Python UTF-8 comparison

Question

a = {"a":"çö"}
b = "çö"
a['a']
>>> '\xc3\xa7\xc3\xb6'

b.decode('utf-8') == a['a']
>>> False

What is going in there?

edit= I'm sorry, it was my mistake. It is still False. I'm using Python 2.6 on Ubuntu 10.04.

Answer 1

Possible solutions

Either write like this:

a = {"a": u"çö"}
b = "çö"
b.decode('utf-8') == a['a']

Or like this (you may also skip the .decode('utf-8') on both sides):

a = {"a": "çö"}
b = "çö"
b.decode('utf-8') == a['a'].decode('utf-8')

Or like this (my recommendation):

a = {"a": u"çö"}
b = u"çö"
b == a['a']

Explanation

Updated based on Tim's comment. In your original code, b.decode('utf-8') == u'çö' and a['a'] == 'çö', so you're actually making the following comparison:

u'çö' == 'çö'

One of the objects is of type unicode, the other is of type str, so in order to execute the comparison, the str is converted to unicode and then the two unicode objects are compared. It works fine in the case of purely ASCII strings, for example: u'a' == 'a', since unicode('a') == u'a'.

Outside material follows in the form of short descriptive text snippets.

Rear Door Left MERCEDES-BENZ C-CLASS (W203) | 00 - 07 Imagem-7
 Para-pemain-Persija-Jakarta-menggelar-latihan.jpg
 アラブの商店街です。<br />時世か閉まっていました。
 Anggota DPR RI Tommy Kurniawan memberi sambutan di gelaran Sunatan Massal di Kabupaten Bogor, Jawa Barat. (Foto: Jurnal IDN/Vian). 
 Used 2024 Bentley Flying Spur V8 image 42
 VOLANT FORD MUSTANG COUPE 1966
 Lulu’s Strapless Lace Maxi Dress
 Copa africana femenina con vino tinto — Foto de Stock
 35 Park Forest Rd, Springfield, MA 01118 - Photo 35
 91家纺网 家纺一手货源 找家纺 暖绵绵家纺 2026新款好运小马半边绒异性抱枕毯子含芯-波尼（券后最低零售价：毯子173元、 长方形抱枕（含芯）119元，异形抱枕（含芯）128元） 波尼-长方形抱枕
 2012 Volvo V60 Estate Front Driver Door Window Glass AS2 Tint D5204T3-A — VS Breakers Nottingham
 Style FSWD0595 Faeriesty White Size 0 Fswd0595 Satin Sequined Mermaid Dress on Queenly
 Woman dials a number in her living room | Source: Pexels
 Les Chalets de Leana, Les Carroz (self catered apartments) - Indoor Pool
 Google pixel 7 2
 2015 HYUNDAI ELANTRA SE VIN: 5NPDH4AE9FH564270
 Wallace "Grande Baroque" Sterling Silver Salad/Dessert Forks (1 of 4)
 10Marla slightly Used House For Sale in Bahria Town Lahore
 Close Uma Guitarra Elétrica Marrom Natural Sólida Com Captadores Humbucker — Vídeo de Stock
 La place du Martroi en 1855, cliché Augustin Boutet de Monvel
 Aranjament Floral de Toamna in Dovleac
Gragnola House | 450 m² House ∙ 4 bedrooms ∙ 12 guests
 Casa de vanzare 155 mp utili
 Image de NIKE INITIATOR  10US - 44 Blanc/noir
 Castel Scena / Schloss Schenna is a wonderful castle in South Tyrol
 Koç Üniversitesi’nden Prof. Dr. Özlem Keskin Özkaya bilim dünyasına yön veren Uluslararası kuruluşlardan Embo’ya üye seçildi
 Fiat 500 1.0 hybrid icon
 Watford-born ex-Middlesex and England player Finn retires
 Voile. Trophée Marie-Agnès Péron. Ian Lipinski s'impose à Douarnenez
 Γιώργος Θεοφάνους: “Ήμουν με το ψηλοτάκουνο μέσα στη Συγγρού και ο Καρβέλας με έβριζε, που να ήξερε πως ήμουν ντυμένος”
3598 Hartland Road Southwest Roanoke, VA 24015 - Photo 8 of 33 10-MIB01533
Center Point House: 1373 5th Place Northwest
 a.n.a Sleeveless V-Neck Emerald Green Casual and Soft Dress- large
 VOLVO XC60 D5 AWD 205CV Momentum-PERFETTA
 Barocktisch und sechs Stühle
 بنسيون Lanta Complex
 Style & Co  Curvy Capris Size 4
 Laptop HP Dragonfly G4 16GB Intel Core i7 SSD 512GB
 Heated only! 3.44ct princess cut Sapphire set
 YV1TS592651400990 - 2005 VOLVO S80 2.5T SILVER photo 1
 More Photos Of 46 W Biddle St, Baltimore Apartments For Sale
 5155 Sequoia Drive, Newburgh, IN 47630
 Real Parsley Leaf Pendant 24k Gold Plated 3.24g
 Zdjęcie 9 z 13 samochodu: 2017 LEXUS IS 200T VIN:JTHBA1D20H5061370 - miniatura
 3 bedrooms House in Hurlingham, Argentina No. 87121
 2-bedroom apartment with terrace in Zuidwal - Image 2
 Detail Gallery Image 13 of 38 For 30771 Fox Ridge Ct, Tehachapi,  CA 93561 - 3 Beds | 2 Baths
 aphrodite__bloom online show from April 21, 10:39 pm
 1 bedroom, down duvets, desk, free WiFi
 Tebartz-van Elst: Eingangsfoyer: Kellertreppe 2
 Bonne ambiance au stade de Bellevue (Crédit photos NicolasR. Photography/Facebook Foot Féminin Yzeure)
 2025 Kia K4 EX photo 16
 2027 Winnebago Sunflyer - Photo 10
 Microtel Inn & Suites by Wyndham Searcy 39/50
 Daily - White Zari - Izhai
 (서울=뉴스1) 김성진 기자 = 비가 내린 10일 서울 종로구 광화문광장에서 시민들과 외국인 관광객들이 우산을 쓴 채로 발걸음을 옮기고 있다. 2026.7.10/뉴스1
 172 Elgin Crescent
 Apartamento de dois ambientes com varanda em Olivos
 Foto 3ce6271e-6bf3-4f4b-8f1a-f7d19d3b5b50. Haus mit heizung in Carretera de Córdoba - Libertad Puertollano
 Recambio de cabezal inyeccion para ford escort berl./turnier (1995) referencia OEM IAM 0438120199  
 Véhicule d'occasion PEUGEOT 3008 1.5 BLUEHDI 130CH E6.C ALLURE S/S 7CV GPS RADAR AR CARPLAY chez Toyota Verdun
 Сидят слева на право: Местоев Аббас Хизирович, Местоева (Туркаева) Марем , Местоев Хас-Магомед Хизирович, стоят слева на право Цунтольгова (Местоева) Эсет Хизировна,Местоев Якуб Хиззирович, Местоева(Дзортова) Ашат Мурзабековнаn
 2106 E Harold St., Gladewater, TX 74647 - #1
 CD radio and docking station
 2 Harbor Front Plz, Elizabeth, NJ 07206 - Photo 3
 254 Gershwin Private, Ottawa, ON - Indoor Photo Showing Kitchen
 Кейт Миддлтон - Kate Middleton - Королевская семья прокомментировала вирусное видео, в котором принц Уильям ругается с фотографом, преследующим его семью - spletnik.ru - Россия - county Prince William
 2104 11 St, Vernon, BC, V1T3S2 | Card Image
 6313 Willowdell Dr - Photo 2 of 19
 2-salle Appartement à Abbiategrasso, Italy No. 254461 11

However, it fails in case of u'çö' == 'çö', since unicode('çö') returns the following error: UnicodeDecodeError: 'ascii' codec can't decode byte 0xc3 in position 0: ordinal not in range(128), and therefore the whole comparison returns False and issues the following warning: UnicodeWarning: Unicode equal comparison failed to convert both arguments to Unicode - interpreting them as being unequal.